Dane answered, “You passed out.”
I sat up like a shot, ignoring my brain sloshing around in my head. I stared off into the corn, thinking of Katia stepping over all those bodies. How heartbroken she was. Aiyana betrayed her trust, bringing Coronado to Quivira. And when Coronado threatened to kill her people, her followers, she felt she had no choice. Katia enraptured the corn to protect them. I felt her breathing life and death into the fields, like the corn was an extension of her body.
“The smoke must have gotten to you. It happens,” Brennon said.
“Here, this might help.” Dane passed a bottle to me, but he didn’t make eye contact. I noticed a deep scratch on the left side of his neck. He adjusted his collar when he caught me staring at it.
I took a drink that burned all the way down my throat. I wanted to play it cool, but my face contorted involuntarily. “What is this stuff?”
“Rye.” Dane leaned into me, his shoulder grazing mine, which sent a flood of warmth through my entire body. “Neil Hanratty makes a batch every year for the solstice. I swear each batch gets stronger.” He coaxed the bottle away from me and took a deep swig.
I kept waiting for him to send some kind of signal, but he gave me nothing. I wondered if he’d forgotten that he’d agreed to take me into the corn; maybe I dreamt the entire thing.
I snatched it back and took another drink, not because I wanted more, but because his lips had just touched the bottle. I wanted to capture his warmth, his kiss. And then I wanted to slap myself for being such a tool.
Feeling dizzy, I fell back onto the blankets.
As Brennon reached out to take my hand, I flinched.
“Are you okay?”
“Yes,” I answered with a forced smile. “I’m just still a little out of it.”
Lauren passed our campfire, staring daggers into me.
Brennon got to his feet, smiling sheepishly as he brushed grass from his trousers. “I’m going to find you some water. A girl can’t live on grain alcohol alone.”
When he left, I sat up and looked at Dane expectantly.

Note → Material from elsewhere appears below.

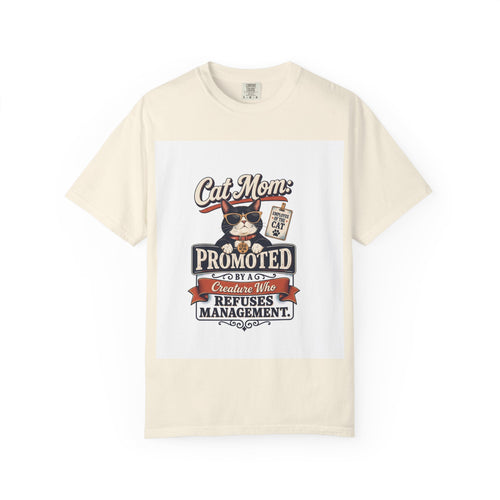 Cat Mom T‑Shirt – "Promoted to Cat Mom" Funny Cat Lover Gift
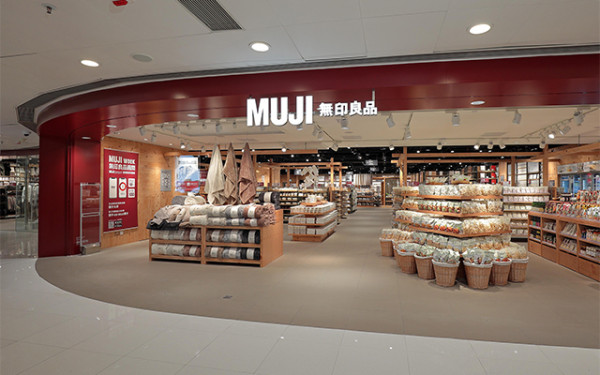MUJI $18「百潔布」爆紅！外表似紙巾？網民實測去鏽水垢：後悔太遲買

“Patience,” he whispered as he stared ahead into the fire.
I looked down at his hands holding the bottle and I couldn’t stop thinking about his thumb stroking my hip bone and the feel of his scarred skin beneath my fingertips. I closed my eyes, hoping the sensation of the wind rushing over my sunburned shoulders would give me some reprieve from him, but he was everywhere. His scent. His movement. His breath. I was drawn to him, like a moth to a flame—only in it for the burn.
The wooden sculpture creaked and groaned, drawing everyone’s attention.
“Now,” Dane whispered as he got up and walked away from the camp.
As the sculpture collapsed into a heaping pile of embers, I followed Dane to the edge of darkness—and never looked back.
28
TORN
DANE WAS STANDING before the corn.
Without looking at me, he held out his hand behind him.
I laced my fingers through his; that euphoric warmth spreading across my skin.
“Don’t let go,” he whispered.
He stepped forward and the stalks parted as if he’d brought the summer breeze.
I braced myself for the electric current to hurl me back into oblivion, but he pulled me right along with him.
The hazy glow from the torches lining the inner perimeter did little to combat the darkness of the field. Our footsteps were muffled, and the corn around us seemed to lack dimension. It felt as though we’d stepped into another world.
I tightened my grip around his fingers. Even here, surrounded by unknown danger at every turn, I couldn’t stop thinking about his skin against mine.
Gradually, the row widened, so we could walk side by side. He brushed his other hand along the stalks.
“What do you feel?” I asked.
The muscles in his shoulders tensed, like my question caught him off guard.
“When you touch the corn.”
“I guess it’s an energy. If you listen closely it almost sounds like it’s breathing.”
He was right. The air moved through the stalks like rhythmic breath—in and out—out and in.
“It must be hard keeping a secret like this.”
“We all keep secrets.” His eyes settled on me, and my blood seemed to shimmer in my veins.
A long silence stretched between us, but it wasn’t uncomfortable. Something about being here with him, in this moment, felt serene, like nothing could touch us.
“I’ve been thinking about something you said last night . . .”
I waited for him to ask what it was, but he remained focused on the path in front of us.
“You asked why I wanted to go in the corn.” I tucked my hair behind my ear. “At first, I thought it was just to find a way to stop the ritual—but what if this is what my mom and dad want? Maybe there’s a way for Katia and Alonso and Nina and Thomas to all be together—to coexist.”
Dane looked at me with a soft, puzzled expression. “How much did you drink?”